Australian Identities at the Icebox

Asked to respond to the show’s title, Australia Felix, the seventeen artists currently on view at the Crane Icebox present work that reflects aspects of their Australian identity. Organized by curator Ross Woodrow, the exhibition is a response to one of the earliest, major exhibitions of contemporary Australian art in the United States, the Guggenheim’s Australian Visions from 1984. In an attempt to present a more diverse group of Australian artists, the show includes more women, artists from indigenous backgrounds, and work in a variety of mediums. The result is an Australian identity that remains in flux and indefinable. On view until August 28, the show reveals shared anxieties about Australia’s problematic cultural history.

Donna Marcus’ “Code” is made up of a grid of kitchen cooking vessels whose markings become as indecipherable as a foreign alphabet. The work alludes to cultural differences and the traces left by technology.

Ian Burn’s sculpture “What Might Be” celebrates the fleeting moment. Light is refracted through magnifying glasses to create flickering dashes of light on the wall. Eventually, the message “As Though Found” appears, but it just as quickly disappears again.

With a run-on of like-sounding words, Gordon Hookey’s “Conject Jar” reveals the confusion and lack of understanding that perpetuates racism and sexism. The figures in each scene of the large panel are blinded by national identities and only alien beings can recognize their foolishness.

With an interest in text and image, Jenny Watson’s paintings have a childlike style and seem like an attempt to make sense of the world’s peculiarities.

Judy Watson’s work incorporates traditional indigenous symbols to create large-scale compositions with immediacy.

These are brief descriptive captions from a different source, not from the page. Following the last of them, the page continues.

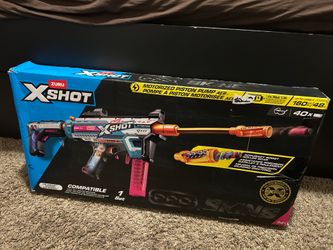 Xshot Pro Skins series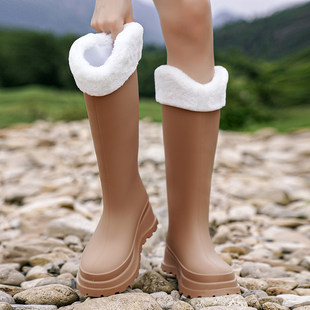 时尚雨鞋女款中筒2026新款外穿雨靴防滑防水厨房胶鞋成人短筒水鞋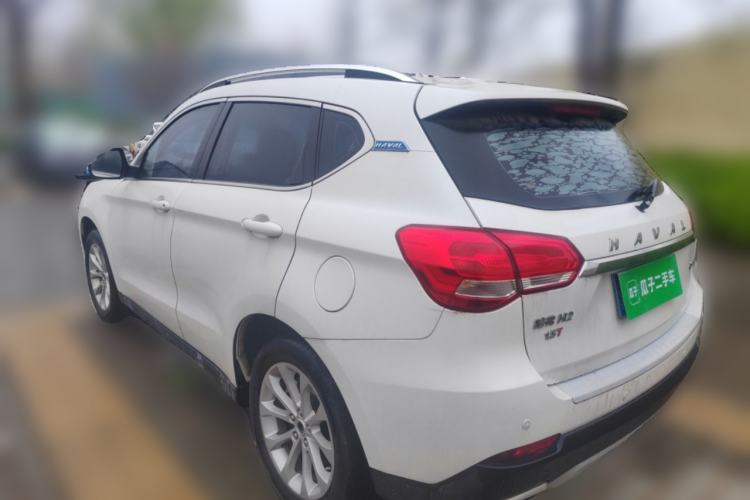 Used Haval H2 2017 Blue Label 1.5T Manual Two-Wheel Drive Luxury Model Rear Left 45 Deg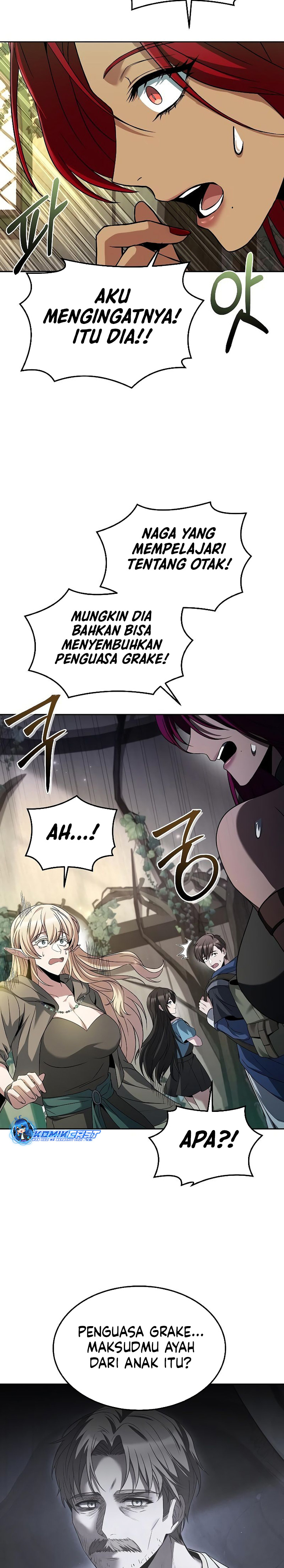 Archmage Restaurant Chapter 40 Gambar 27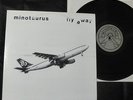 MINOTAURUS FLY AWAY GERMAN KRAUT PRIVATE PROG MONSTER LP RARER AIR PLAIN COV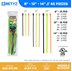 Picture of RETYZ 8, 12, 14 Inch MultiPack Releasable/Reusable Cable Tie - 45 Pack - 1 of 4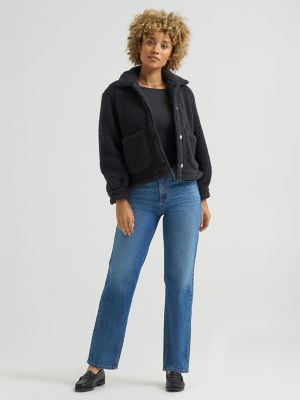 Lee コーティングジャケット ブラック Mサイズ 90's Lee ブラックデニムジャケット Made in U.S.A. SIZE M【1105A09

Madeleine Kelly’s paintings have a quality of other-worldliness, with flashes of color and ghosted animals that resemble spirits.

Mostyn Bramley-Moore’s abstract paintings are dark and foreboding. With built-up layers of paint, the work portrays confrontation, and the artist’s use of spiraling mark-marking suggests a frenetic energy and chaos.

Angela Blakely and David Lloyd look at the difficulty of the lives of Australian children and their attempts to cope by huffing paint.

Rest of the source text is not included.